What is required:
Include in the reply only the lines from the start of the data below through the line containing "Damen Slingback-Pumps mit", reproduced exactly and with no pictures.
== Supplied material ==
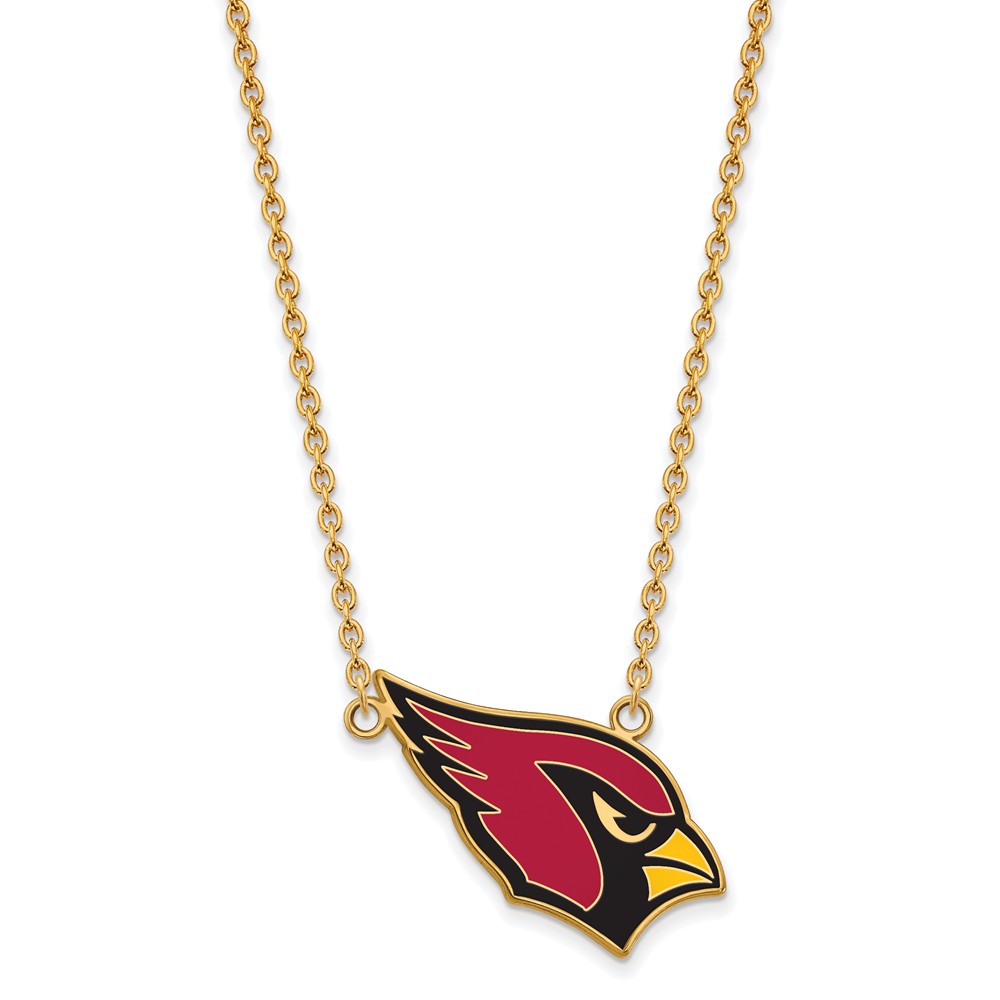 Arizona Cardinals Large Enamel Pendant w/ Necklace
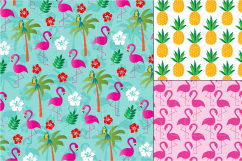 Flamingo &amp; Pineapple Patterns Product Image 2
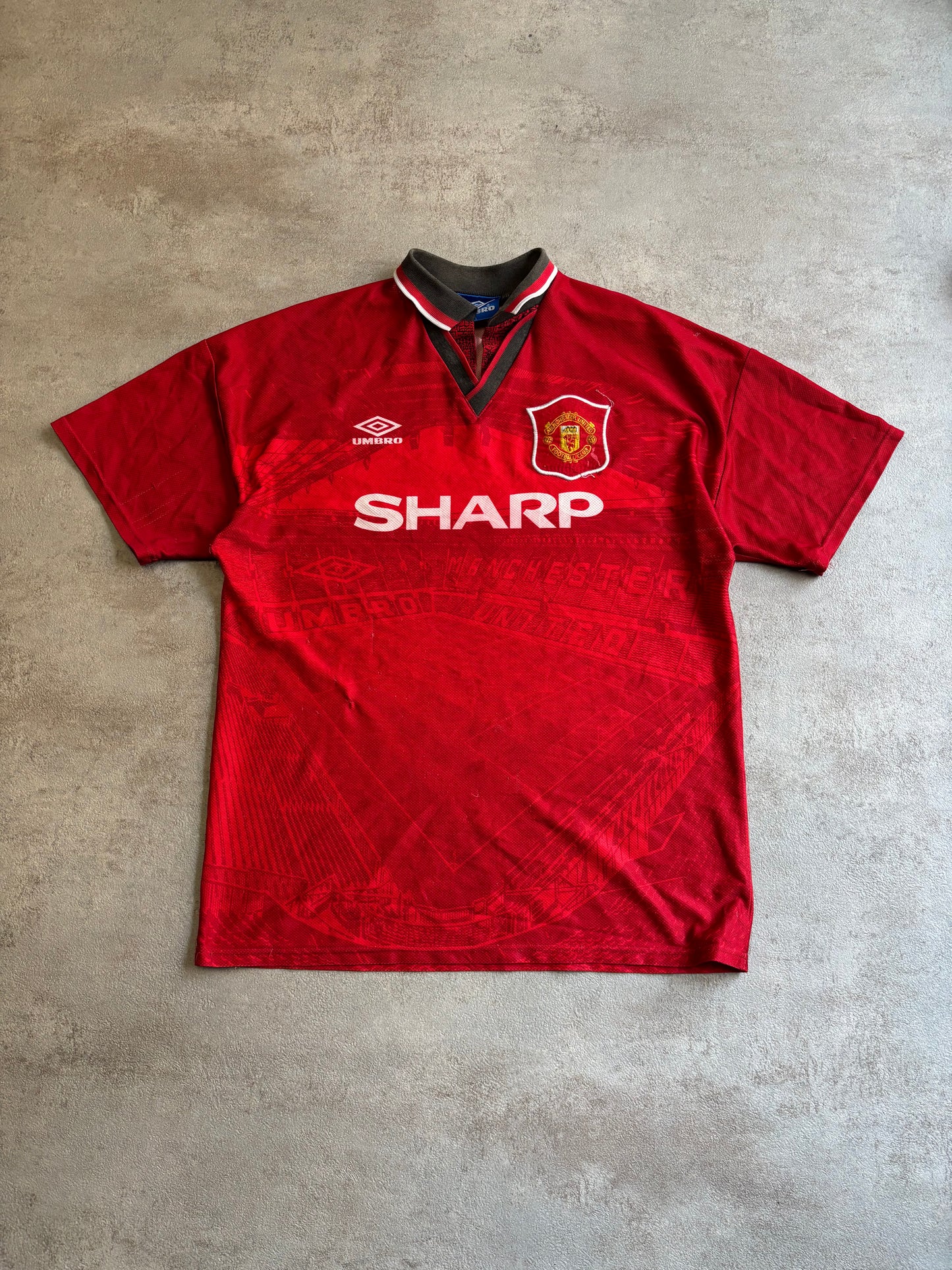 Camiseta Umbro Manchester United 1994/95 Vintage - L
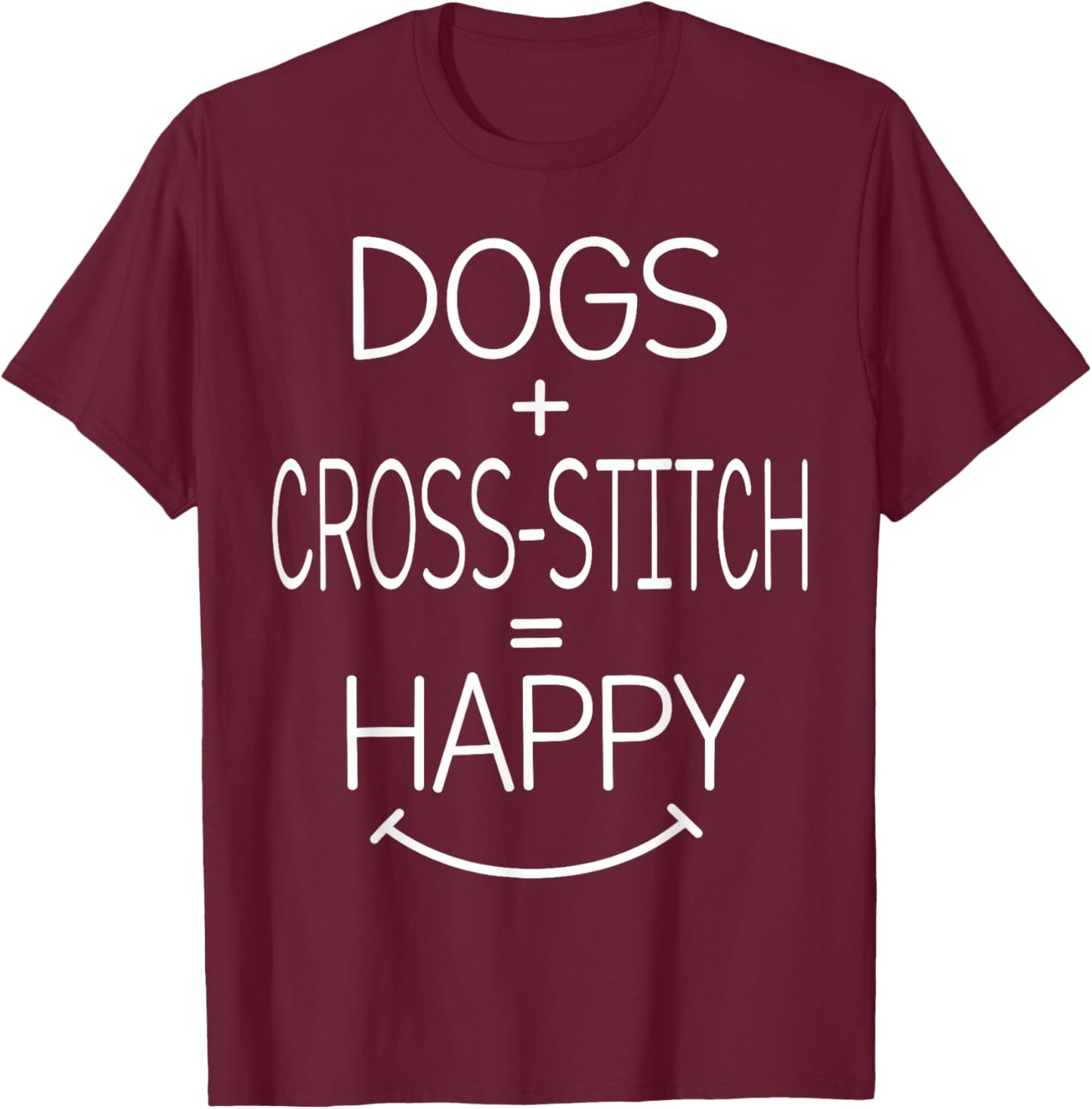 Dog Owner Sewing Quilting - Funny Cross-Stitch Men Women T-Shirt - T-Shirt | Maroon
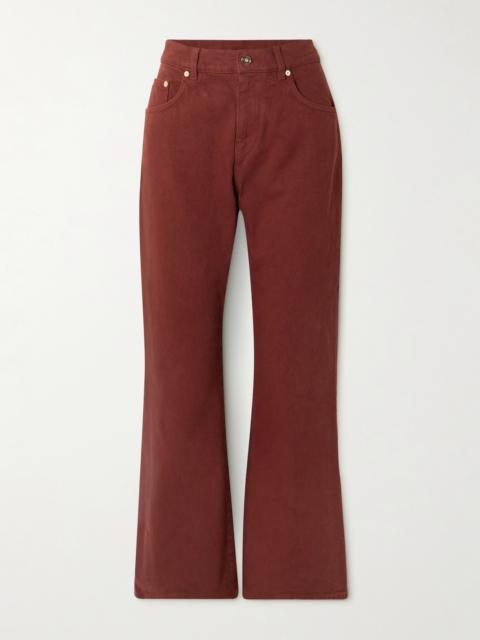 GABRIELA HEARST Ezra High-rise Bootcut Recycled Jeans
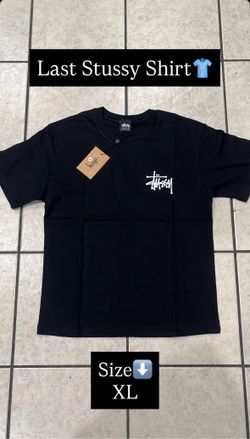 Stussy Black T-Shirt - Size XL - New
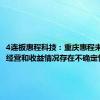 4连板惠程科技：重庆惠程未来实际经营和收益情况存在不确定性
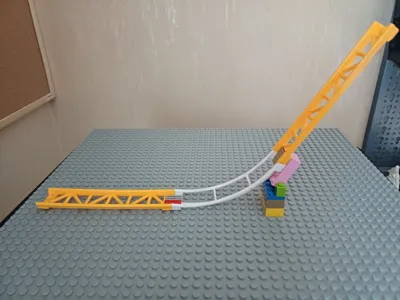 Rollercoaster Track Ascent 60° 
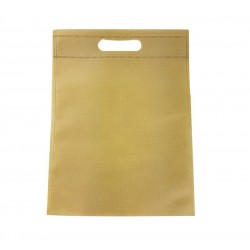 12 sacs non-tissés couleur beige uni - 6772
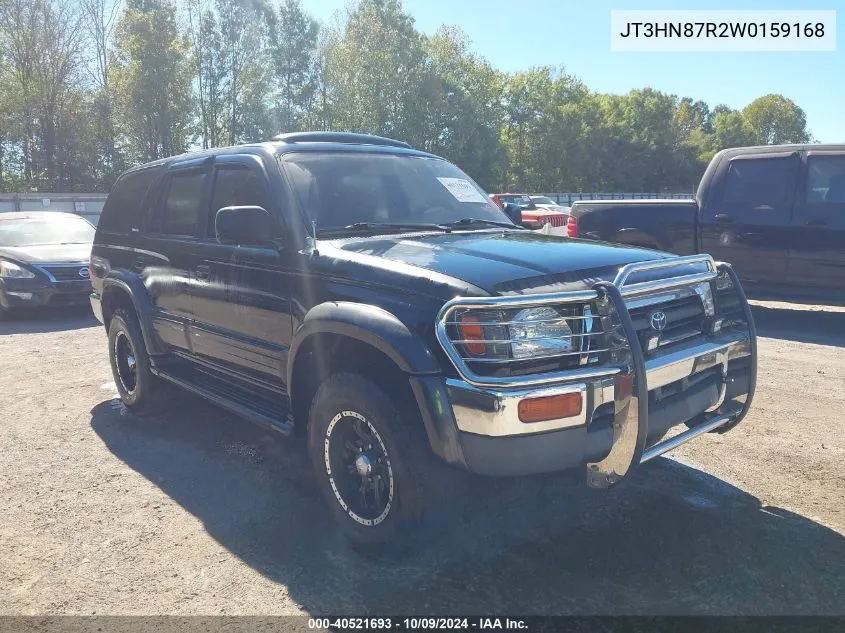 1998 Toyota 4Runner Sr5 V6 Limited VIN: JT3HN87R2W0159168 Lot: 40521693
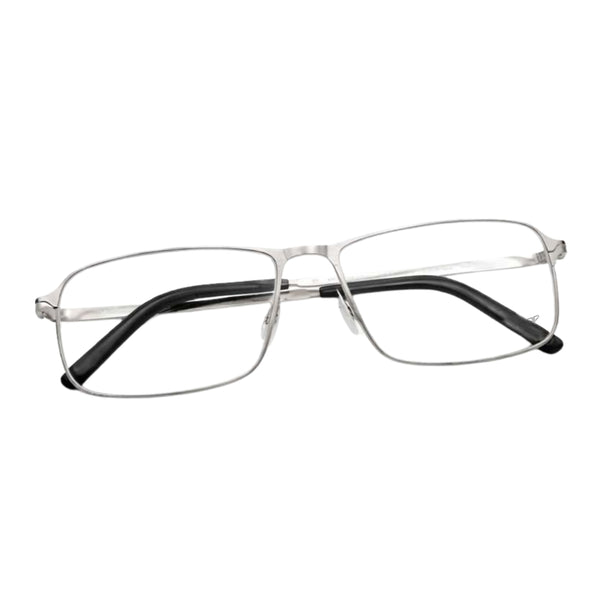 Silver Transparent Rectangle Eyewear | Pinelli Edition Opticals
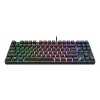 Mechaniczna klawiatura gamingowa TRUST 26135, 80% 87 klawiszy, układ niemiecki QWERTZ, przewodowa USB, czarna, kabel 1,8 m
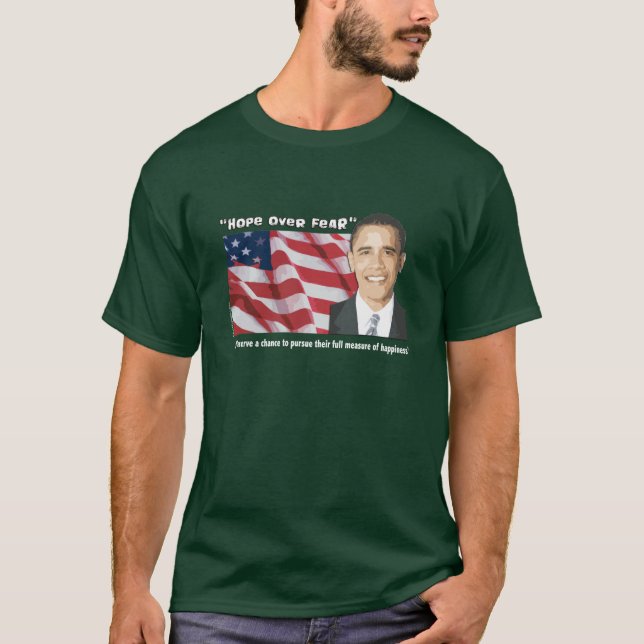 Obamaeröffnungszitat-T - Shirts (Vorderseite)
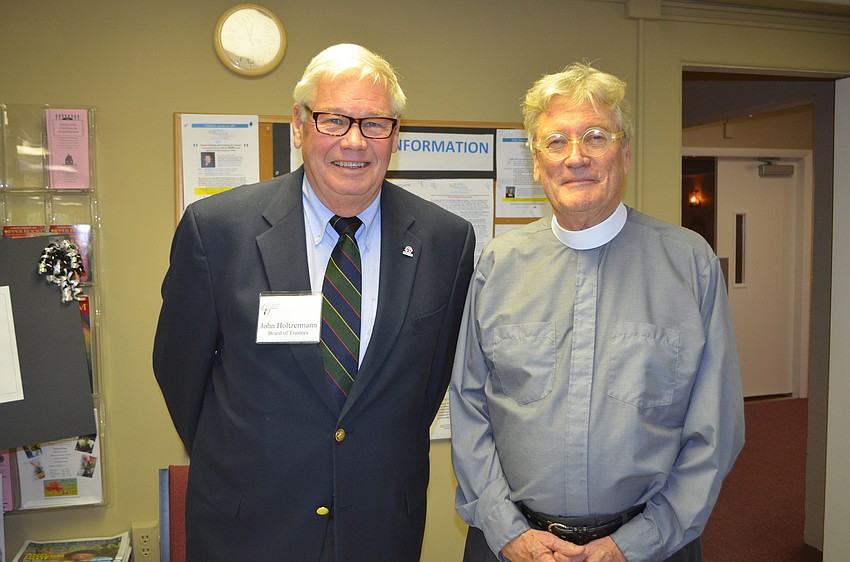 John Holtzermann and the Rev. Vincent Carroll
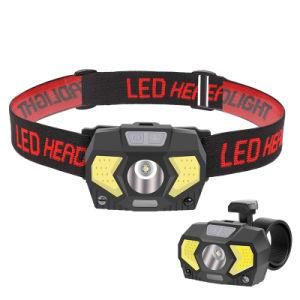 Hot Selling Wanchz XPE+COB Strong Headlight Built-in Battery USB Charging Outdoor Induction Headlight Bicycle Light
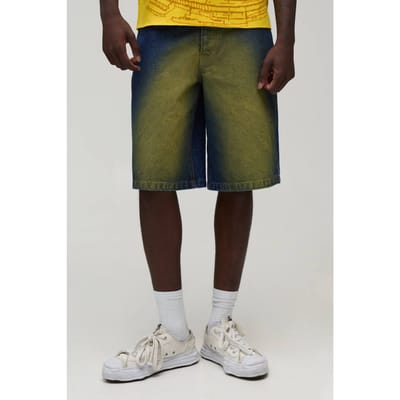 Regular Getinte Denim Jorts | Mid Blue | Size 28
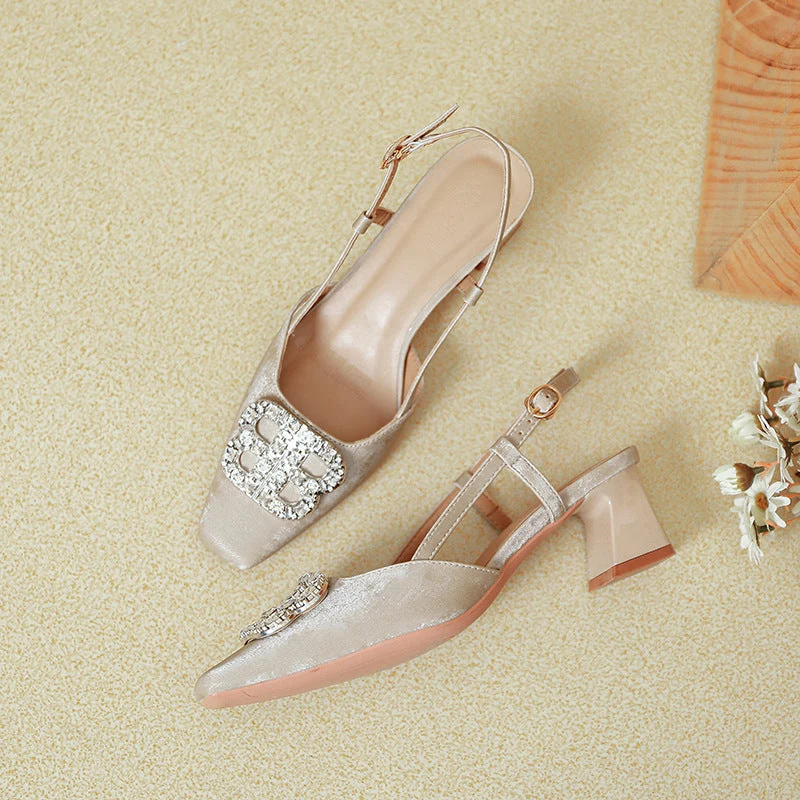 Damen Slingback-Pumps mit funkelndem Schmuck Nord Taschen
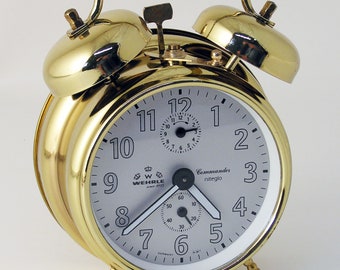 Refurbished Wehrle Commander Twin-bell alarm clock - made in Germany!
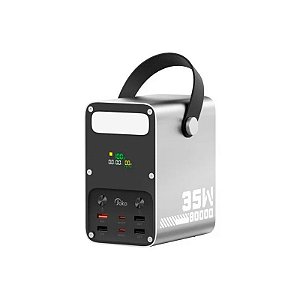 Carregador Port. Joko J52 80000MAH USB 22.5W Metal Power Supply c/Lanterna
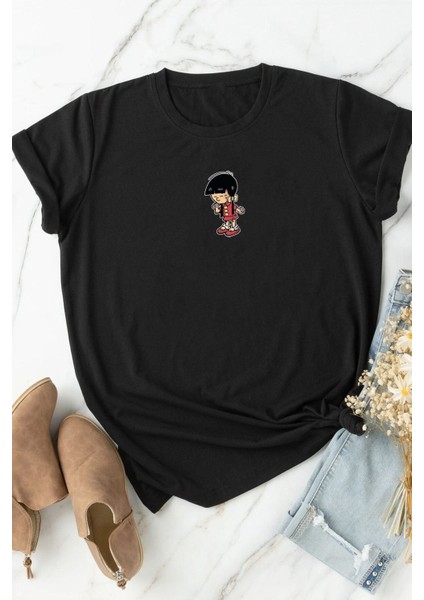 Unisex Chen Üzümlü Kekim Baskılı Kısa Kol T-Shirt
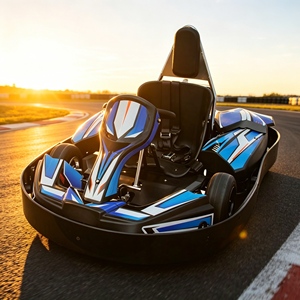 Kart <span class=keywords><strong>électrique</strong></span> de qualité supérieure pour enfants avec design anti-collision, kart pour adultes pour le plaisir familial en plein air entre parents et enfants - Product Image 3
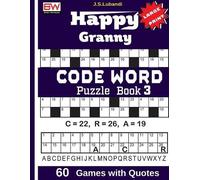 J S Lubandi Happy Granny (CODE WORD) Puzzle Book (Tascabile)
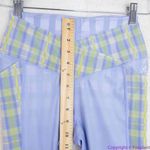 Free People NEW  Movement Plaid Leggings in “Bluebell Combo”, XS‎ Photo 10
===
Worked solution:
 Arizona Cardinals Large Enamel Pendant w/ Necklace
 Flamingo &amp; Pineapple Patterns Product Image 2
 Camiseta Umbro Manchester United 1994/95 Vintage - L
 Dog Owner Sewing Quilting - Funny Cross-Stitch Men Women T-Shirt - T-Shirt | Maroon
 GABRIELA HEARST Ezra High-rise Bootcut Recycled Jeans
 Stussy Black T-Shirt - Size XL - New
 4连板惠程科技：重庆惠程未来实际经营和收益情况存在不确定性
 Rollercoaster Track Ascent 60° 
 12 sacs non-tissés couleur beige uni - 6772
 1998 Toyota 4Runner Sr5 V6 Limited VIN: JT3HN87R2W0159168 Lot: 40521693
 Silver Transparent Rectangle Eyewear | Pinelli Edition Opticals
 Mechaniczna klawiatura gamingowa TRUST 26135, 80% 87 klawiszy, układ niemiecki QWERTZ, przewodowa USB, czarna, kabel 1,8 m
 Obamaeröffnungszitat-T - Shirts (Vorderseite)
 John Holtzermann and the Rev. Vincent Carroll
 Hot Selling Wanchz XPE+COB Strong Headlight Built-in Battery USB Charging Outdoor Induction Headlight Bicycle Light
 Regular Getinte Denim Jorts | Mid Blue | Size 28
 Damen Slingback-Pumps mit funkelndem Schmuck Nord Taschen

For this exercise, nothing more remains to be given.